“Eski Said, Yeni Said ve Üçüncü Said.” Bu devreler içtimâî, siyasî ve konjonktürel değişim değil; aynı istikamet çizgisinin tekâmül merhaleleridir. Mesela, 1890’da -12 yaşında- Tillo’daki Kubbe-i Hâsiye’de yemeğinin tanelerini, “Hayat-ı içtimâiyeye mâlikiyet ve fevkalâde vazîfeşinaslık ve çalışma bulunduğu için cumhuriyetperverliklerine mükâfaten”1 karıncalara veriyordu.

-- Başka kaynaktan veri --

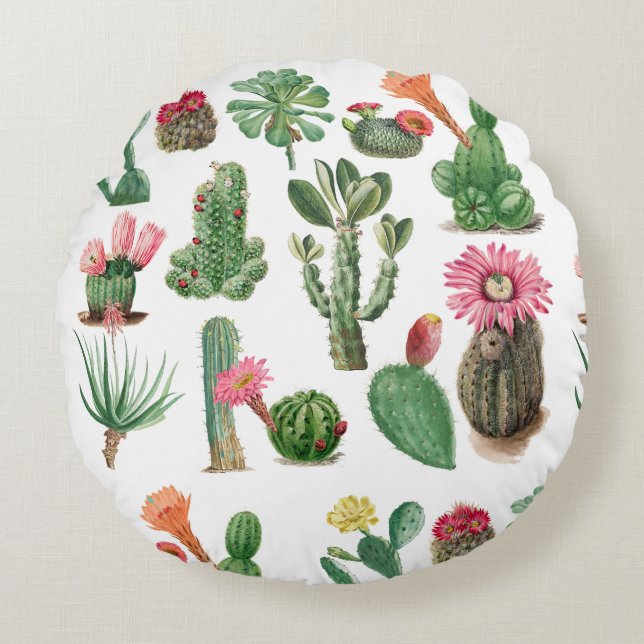Colourful Watercolor Cactus & Succulents Flowers Round Pillow (Front)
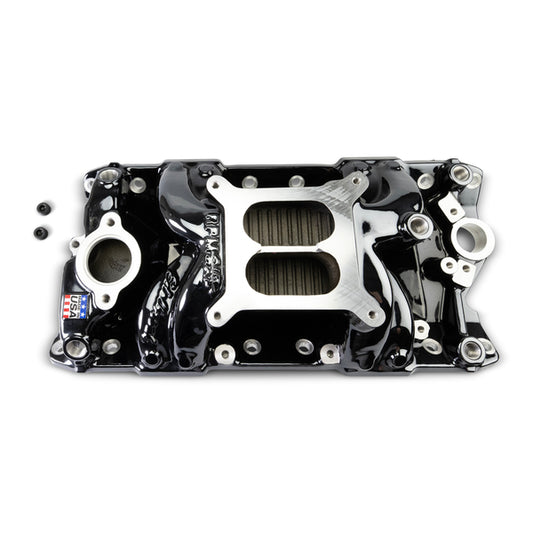 Edelbrock Performer RPM Small Block Chevy AIR-Gap Intake Manifold, Black Plasma finish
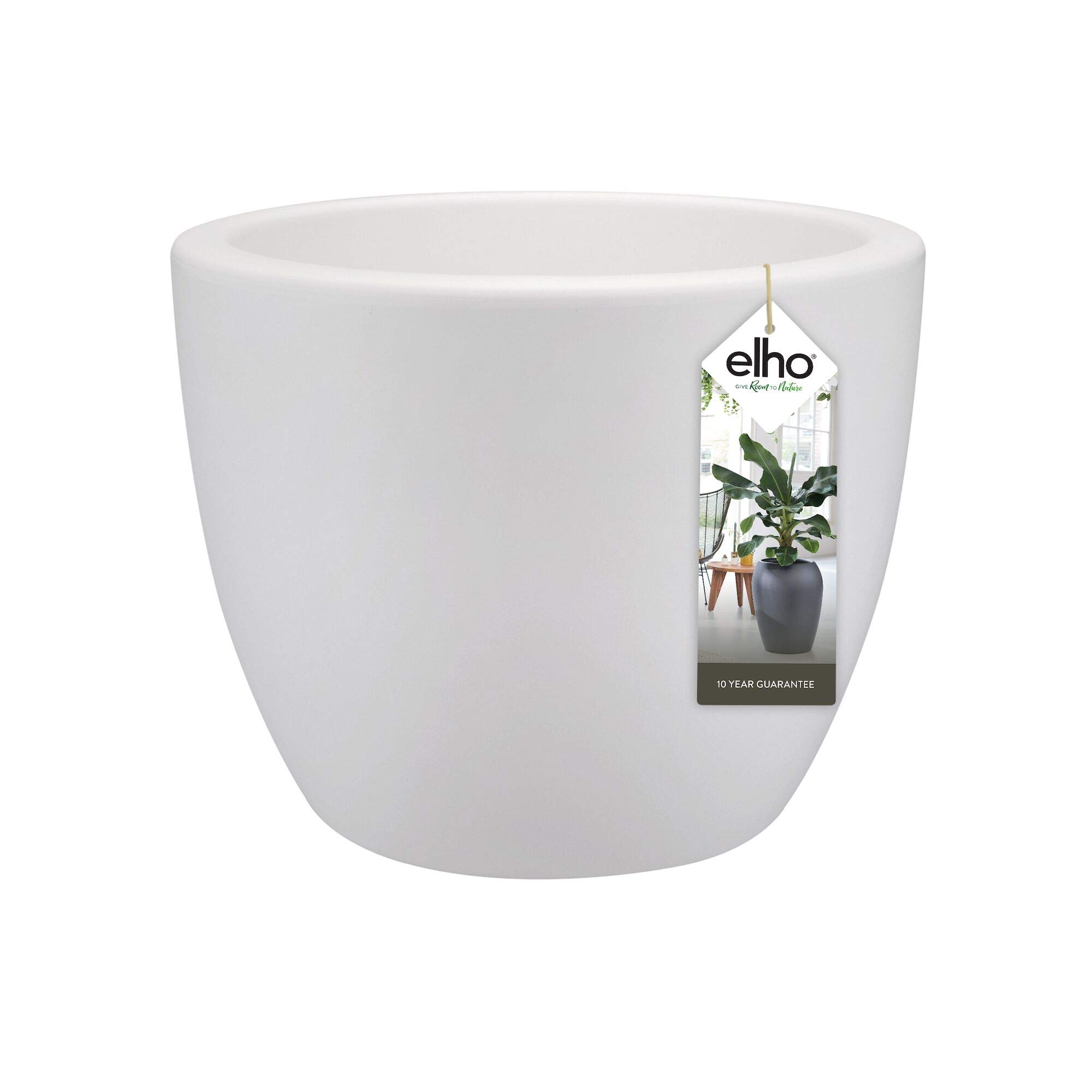elho Pure Soft Round 60 - Blumentopf für Innen & Außen - Ø 59.0 x H 44.5 cm - Weiß/Weiss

1894’te de Jön-Türk hareketi olan hürriyet ve cumhuriyet dâvâlarını İslama uygun bulmuş ve müdafaasını yapmıştır.2 Cumhuriyetperver karıncaları mahkeme müdafaasında da anlatır: “Benden sordular ki: ‘Cumhuriyet hakkında fikrin nedir?’ Ben de dedim: ‘Yaşlı mahkeme reisinden başka daha siz dünyaya gelmeden ben dindar bir cumhuriyetçi olduğumu elinizdeki Tarihçe-i Hayatım ispat eder… Hulefâ-i Râşidîn; hem halife, hem reisicumhur idiler… Fakat mânâsız isim ve resim değil, belki hakîkat-i adaleti ve hürriyet-i şer’iyeyi taşıyan mânâ-yı dindar cumhuriyetin reisleri idiler.”3 Keza, Eski Said döneminde meşrutiyet ve cumhuriyeti şöyle tarif eder: “Hürriyet, imânın bir hassasıdır (özelliğidir).”4 “Hürriyet, Rahman olan Allah’ın bir hediyesidir. Meşveret, Meşrutiyet-i şer’iyyedir.”5
“İstibdat, zulüm ve tahakkümdür. Meşrutiyet, adalet ve Şeriattır.”6 “Meşrûtiyet insanı hayvanlıktan (sürü olmak, güdülmekten) kurtarır; siz de tam insan olunuz.”7 “Cumhuriyet ki, adalet ve meşveret ve kanunda inhisar-ı kuvvetten (gücün hukukun emrinde olması, kuvvetin kanununla sınırlanmasından) ibarettir. (Haşiye: O zaman Meşrutiyet; şimdi o kelime yerine Cumhuriyet konulmuş.”8 “Hürriyetin en geniş şekli cumhuriyettir.”9
Bediüzzaman, Eski Said döneminde içtimai ve siyasi hayatta çok faaldi. Bu faal hâli, “İslam’ın hayat-ı içtimaiyesiyle münasebettar[lığı]”10 cihetiyledir. Ve esasları da şunlardır:
Siyaseti İslamiyet’e alet yaparak, hararetle hürriyete çalışmıştır.11 Siyaset vasıtasıyla dine ve ilme hizmet etmiştir. Hedefinde vatan ve milletin saadeti vardır”12 Muharriki (siyasette harekete geçiren), aşk-ı İslamiyet ve hamiyet-i diniyedir.”13
12 yaşında iken de, Yeni Said döneminde de, 3. Said ve ömrünün sonuna dek bu fikirlerinde tam bir istikamet vardır.
Dipnotlar:
1-bknz., Tarihçe-i Hayat, s. 66.; 2-Abdülkadir Badıllı, Mufassal Tarihçe-i Hayat, c. I, s. 114.; 3-Tarihçe-i Hayat, s. 626.; 4-Hutbe-i Şâmiye, s. 67.; 5-Münâzarât, s. 57.; 6-Divan-ı Harb-i Örfî, s. 23.; “7-Münazarat, s. 23.; 8-Divan-ı Harb-i Örfî, s. 65.; 9-Tarihçe-i Hayat, s. 204.; 10-Mektubat, s. 309.; 11-Tarihçe-i Hayat, s. 73.; 12-Şualar, s. 427.; 13-Sünuhat, s. 65.